● **Work order**:
Of the material below, only the lines from the line containing "Moose Knuckles White" down to the line containing "vidaXL Sarokágy keret" belong in the answer, written out exactly.

[Material to process]

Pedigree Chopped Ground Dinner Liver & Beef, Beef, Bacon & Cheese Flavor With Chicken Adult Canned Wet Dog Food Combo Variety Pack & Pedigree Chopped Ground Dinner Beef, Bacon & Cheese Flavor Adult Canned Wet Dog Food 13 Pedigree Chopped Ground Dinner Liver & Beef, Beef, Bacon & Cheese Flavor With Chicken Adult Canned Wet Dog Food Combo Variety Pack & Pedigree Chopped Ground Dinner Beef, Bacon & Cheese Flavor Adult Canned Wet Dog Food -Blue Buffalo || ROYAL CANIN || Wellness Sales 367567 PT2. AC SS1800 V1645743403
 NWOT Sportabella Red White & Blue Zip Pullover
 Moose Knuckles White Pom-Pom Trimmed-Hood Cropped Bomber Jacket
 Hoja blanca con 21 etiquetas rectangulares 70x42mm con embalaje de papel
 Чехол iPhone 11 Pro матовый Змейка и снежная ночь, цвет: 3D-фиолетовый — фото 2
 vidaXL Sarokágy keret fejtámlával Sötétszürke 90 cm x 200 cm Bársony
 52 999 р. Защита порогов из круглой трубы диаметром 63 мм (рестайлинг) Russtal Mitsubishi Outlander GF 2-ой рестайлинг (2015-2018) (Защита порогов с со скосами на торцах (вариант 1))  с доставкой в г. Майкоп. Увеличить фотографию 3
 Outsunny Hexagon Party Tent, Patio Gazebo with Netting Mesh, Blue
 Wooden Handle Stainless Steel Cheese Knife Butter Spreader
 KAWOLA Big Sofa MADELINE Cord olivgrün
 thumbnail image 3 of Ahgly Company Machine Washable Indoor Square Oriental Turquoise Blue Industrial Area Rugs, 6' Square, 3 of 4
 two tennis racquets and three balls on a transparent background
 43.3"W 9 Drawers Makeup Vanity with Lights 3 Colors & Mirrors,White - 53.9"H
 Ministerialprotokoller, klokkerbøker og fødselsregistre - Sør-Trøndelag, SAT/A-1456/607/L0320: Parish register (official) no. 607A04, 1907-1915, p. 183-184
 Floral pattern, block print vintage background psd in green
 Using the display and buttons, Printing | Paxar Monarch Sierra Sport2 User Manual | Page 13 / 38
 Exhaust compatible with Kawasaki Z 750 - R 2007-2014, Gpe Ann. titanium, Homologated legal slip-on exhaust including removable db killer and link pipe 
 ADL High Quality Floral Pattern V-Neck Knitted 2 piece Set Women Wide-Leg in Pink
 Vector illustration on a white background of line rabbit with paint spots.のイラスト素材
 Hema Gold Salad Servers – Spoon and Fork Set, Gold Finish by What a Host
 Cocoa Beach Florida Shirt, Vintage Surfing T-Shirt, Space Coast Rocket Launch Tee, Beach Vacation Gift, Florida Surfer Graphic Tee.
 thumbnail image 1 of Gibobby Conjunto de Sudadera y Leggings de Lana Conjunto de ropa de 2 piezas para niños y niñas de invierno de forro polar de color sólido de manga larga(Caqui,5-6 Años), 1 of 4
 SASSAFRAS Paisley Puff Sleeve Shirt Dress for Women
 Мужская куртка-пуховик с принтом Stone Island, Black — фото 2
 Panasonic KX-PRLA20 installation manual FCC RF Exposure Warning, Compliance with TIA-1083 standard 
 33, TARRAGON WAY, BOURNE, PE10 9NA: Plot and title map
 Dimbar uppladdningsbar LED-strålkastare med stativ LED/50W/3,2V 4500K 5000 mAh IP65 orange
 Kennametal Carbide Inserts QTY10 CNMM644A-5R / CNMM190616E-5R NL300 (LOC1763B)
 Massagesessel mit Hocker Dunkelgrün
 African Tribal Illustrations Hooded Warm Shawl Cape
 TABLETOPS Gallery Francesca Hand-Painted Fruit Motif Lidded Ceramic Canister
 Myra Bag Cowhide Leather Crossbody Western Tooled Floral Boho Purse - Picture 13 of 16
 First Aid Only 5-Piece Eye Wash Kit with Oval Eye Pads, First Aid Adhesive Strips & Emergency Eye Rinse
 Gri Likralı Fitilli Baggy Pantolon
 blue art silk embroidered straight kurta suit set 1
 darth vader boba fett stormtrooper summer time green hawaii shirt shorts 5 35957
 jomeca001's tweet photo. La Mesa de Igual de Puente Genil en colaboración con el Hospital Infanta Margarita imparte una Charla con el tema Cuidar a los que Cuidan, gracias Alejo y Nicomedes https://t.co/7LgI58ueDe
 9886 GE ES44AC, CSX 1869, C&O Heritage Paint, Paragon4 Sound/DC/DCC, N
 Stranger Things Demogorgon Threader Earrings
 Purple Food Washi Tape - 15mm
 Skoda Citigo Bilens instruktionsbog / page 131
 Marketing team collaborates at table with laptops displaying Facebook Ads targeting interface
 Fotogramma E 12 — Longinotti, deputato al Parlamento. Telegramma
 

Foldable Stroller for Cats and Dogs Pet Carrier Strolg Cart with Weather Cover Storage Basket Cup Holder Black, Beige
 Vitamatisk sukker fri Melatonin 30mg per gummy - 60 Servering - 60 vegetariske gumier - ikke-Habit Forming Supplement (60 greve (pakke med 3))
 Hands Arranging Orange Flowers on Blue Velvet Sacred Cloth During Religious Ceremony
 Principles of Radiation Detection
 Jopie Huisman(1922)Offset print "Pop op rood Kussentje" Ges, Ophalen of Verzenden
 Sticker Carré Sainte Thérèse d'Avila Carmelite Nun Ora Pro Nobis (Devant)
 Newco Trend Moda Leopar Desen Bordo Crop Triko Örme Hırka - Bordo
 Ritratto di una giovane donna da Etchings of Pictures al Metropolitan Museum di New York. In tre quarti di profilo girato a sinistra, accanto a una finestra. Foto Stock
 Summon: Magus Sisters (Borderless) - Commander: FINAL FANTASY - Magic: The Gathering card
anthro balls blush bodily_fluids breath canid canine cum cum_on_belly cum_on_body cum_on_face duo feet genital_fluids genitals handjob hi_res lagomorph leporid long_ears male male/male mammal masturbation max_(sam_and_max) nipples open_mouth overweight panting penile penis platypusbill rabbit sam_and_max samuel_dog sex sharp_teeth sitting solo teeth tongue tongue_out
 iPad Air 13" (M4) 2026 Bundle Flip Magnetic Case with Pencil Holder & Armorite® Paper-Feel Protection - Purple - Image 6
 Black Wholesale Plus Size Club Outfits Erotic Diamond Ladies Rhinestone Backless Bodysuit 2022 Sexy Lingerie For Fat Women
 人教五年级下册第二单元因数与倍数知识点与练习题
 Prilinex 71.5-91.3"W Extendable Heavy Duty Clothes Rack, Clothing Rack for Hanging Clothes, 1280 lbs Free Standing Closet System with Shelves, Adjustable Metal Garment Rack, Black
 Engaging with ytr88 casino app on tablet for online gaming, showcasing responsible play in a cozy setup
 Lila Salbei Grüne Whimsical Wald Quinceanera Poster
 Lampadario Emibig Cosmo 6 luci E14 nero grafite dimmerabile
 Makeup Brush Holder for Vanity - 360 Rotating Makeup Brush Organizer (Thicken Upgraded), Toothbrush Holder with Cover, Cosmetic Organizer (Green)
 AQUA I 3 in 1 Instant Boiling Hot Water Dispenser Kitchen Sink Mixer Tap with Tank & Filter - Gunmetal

[/Material to process]

● **The answer**:
 Moose Knuckles White Pom-Pom Trimmed-Hood Cropped Bomber Jacket
 Hoja blanca con 21 etiquetas rectangulares 70x42mm con embalaje de papel
 Чехол iPhone 11 Pro матовый Змейка и снежная ночь, цвет: 3D-фиолетовый — фото 2
 vidaXL Sarokágy keret fejtámlával Sötétszürke 90 cm x 200 cm Bársony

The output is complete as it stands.